Bengal appoints state election panel chief, LF cries foul

Kolkata, July 16 (IANS) The opposition Left Front (LF) Wednesday accused the West Bengal government of "violating administrative conventions" in selecting state civil service officer S.R. Upadhyay as the new SEC. The opposition claimed the...

Bengal appoints state election panel chief, LF cries foul

Kolkata, July 16 (IANS) The opposition Left Front (LF) Wednesday accused the West Bengal government of "violating administrative conventions" in selecting state civil service officer S.R. Upadhyay as the new SEC.

The opposition claimed the Mamata Banerjee regime had "lowered the dignity" of the prestigious post of State Election Commissioner (SEC).

Upadhyay, the special secretary in the Raj Bhavan, will succeed Meera Pandey, who is slated to retire July 21, Home Secretary Basudeb Bandopadhyay said.

"We notice with concern that the state government is violating administrative conventions in appointing a new State Election Commissioner. Such an appointment will only lower the dignity of the position of the State Election Commissioner," LF Chairman Biman Bose said in a statement.

He demanded the state government follow all rules and conventions in the appointment to the important post.

LF sources said so long the convention was to appoint a retired IAS officer to the post. "But this is for the first time that a WBCS officer is being given appointment as State Election Commissioner."

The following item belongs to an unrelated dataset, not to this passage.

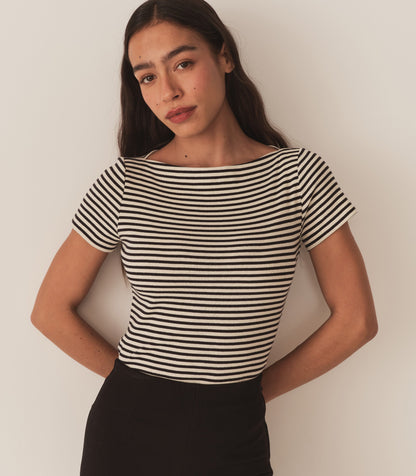 DÔEN Women Pauline Tee - Black Venetia Stripe
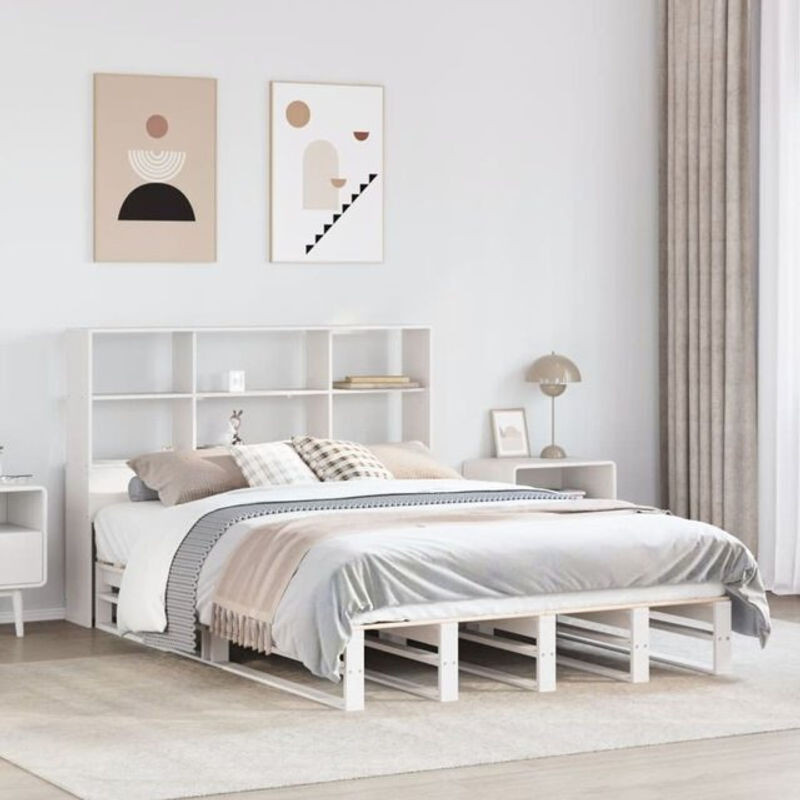 Massivholzbett aus Kiefer mit Regal von Vidaxl in Weiß, B/T/H: 160 x 200 cm - Bild 1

The Banerjee government had a series of run-ins with Pandey in the run-up to the 2013 panchayat elections. Pandey even went to court seeking to establish the primacy of the SEC in deciding election dates, supervising the polls and arranging for security.

The judiciary mostly ruled in Pandey's favour, granting her plea for holding the polls by deploying central paramilitary troopers.

However, she was only partially successful in her efforts to establish the writ of the SEC in conducting and supervising the polls.

The absence of its own infrastructure prompted the SEC to be totally dependent on the state administrative machinery in the conduct of the polls, that also showed the poll body lacked teeth in enforcing its directives.